• [EXERCISE DETAILS] Quote the entries below from the line with "Lentes De Sol Gucci GG0603S Negro/Dorado" through the line with "pcs. In a set)", both ends included, and only those lines.

[Collected data]
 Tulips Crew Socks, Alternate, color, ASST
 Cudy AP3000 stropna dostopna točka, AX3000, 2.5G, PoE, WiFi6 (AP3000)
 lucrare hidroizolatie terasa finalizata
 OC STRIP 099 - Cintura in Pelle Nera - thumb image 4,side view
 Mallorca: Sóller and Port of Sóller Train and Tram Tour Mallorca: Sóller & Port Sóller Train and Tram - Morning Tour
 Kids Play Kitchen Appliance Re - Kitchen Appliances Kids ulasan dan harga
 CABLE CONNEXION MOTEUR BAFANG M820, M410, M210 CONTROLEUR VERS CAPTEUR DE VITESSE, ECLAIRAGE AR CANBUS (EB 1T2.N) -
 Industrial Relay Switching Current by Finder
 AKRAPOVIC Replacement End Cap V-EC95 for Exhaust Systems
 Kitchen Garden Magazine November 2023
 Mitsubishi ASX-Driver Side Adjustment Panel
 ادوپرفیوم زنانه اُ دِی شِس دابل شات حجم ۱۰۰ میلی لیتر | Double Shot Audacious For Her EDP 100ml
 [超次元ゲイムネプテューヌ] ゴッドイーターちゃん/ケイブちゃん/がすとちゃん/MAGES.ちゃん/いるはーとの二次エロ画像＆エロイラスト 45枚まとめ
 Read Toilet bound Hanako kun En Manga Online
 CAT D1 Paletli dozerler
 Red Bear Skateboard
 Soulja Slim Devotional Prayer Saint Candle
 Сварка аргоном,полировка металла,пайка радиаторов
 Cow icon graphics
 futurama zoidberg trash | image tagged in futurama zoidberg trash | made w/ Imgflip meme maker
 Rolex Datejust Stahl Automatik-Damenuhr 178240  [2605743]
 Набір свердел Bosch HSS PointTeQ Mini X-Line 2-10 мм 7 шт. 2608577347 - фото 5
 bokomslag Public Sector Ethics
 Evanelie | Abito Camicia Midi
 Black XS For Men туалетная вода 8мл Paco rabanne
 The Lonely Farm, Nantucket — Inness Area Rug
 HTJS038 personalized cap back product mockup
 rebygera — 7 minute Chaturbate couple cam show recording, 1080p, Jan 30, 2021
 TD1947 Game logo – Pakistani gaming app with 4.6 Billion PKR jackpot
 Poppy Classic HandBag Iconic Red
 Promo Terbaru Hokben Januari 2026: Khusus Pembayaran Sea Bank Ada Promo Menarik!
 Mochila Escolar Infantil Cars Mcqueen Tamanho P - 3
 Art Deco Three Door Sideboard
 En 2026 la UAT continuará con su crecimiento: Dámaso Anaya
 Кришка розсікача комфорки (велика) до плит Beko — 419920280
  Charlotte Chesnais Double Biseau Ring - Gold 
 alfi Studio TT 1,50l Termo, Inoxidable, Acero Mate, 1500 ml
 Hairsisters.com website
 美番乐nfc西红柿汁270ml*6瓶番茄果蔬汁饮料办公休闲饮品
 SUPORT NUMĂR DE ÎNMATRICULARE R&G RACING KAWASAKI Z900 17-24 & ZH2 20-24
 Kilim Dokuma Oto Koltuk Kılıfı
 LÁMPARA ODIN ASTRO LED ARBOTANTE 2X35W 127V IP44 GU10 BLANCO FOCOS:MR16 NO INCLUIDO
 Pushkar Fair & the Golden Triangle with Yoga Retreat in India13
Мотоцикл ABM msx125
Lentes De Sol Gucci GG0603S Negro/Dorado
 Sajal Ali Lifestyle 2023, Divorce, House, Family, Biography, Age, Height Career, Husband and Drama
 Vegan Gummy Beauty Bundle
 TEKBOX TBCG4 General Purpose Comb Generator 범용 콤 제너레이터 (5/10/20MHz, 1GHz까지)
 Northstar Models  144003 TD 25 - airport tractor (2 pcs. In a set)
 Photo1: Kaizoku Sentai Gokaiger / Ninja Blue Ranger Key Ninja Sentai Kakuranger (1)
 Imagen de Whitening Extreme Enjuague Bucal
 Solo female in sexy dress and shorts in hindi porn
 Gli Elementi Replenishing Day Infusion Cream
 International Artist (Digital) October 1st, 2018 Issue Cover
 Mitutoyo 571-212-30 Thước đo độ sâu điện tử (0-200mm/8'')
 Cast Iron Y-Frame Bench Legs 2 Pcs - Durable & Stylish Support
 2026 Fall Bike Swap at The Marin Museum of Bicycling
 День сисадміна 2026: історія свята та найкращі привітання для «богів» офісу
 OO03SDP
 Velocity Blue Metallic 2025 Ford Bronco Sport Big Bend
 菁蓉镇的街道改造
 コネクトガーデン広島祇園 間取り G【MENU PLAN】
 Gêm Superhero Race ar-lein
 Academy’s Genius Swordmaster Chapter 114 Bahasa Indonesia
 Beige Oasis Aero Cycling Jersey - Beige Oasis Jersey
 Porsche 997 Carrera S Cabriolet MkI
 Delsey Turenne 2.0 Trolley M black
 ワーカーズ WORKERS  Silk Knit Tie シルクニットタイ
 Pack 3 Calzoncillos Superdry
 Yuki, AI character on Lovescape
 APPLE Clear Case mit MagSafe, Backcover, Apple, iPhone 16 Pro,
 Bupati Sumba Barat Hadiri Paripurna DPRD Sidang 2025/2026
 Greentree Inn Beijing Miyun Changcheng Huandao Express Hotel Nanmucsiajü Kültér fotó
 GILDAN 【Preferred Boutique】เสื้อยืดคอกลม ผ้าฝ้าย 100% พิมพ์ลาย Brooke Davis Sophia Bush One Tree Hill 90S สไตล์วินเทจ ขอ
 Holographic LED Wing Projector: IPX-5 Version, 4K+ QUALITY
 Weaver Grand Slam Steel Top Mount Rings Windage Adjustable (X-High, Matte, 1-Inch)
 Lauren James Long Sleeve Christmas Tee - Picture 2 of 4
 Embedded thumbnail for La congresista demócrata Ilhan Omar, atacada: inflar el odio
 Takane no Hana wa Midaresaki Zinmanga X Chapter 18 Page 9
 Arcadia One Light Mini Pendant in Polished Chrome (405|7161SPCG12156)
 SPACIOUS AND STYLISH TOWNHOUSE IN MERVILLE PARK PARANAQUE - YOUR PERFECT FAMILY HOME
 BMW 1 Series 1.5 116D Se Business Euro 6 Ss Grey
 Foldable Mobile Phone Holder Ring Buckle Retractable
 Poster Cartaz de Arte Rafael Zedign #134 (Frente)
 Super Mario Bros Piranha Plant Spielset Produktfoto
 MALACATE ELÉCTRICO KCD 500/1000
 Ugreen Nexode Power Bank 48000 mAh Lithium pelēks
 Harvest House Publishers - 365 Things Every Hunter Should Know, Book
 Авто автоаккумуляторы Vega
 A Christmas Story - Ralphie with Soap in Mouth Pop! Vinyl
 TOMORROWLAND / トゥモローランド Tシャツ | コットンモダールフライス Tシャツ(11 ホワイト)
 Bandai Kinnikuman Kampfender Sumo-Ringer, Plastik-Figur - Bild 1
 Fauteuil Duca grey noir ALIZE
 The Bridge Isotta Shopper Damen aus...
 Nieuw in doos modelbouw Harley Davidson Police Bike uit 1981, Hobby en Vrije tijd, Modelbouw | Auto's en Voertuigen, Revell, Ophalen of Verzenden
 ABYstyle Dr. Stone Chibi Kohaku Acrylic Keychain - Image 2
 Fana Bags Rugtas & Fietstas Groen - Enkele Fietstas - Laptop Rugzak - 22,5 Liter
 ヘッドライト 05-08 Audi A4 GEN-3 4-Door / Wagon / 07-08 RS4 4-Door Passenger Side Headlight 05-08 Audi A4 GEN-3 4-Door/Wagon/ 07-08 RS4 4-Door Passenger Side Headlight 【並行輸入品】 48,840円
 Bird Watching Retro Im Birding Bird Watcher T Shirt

• [ANSWER BOX]
Lentes De Sol Gucci GG0603S Negro/Dorado
 Sajal Ali Lifestyle 2023, Divorce, House, Family, Biography, Age, Height Career, Husband and Drama
 Vegan Gummy Beauty Bundle
 TEKBOX TBCG4 General Purpose Comb Generator 범용 콤 제너레이터 (5/10/20MHz, 1GHz까지)
 Northstar Models  144003 TD 25 - airport tractor (2 pcs. In a set)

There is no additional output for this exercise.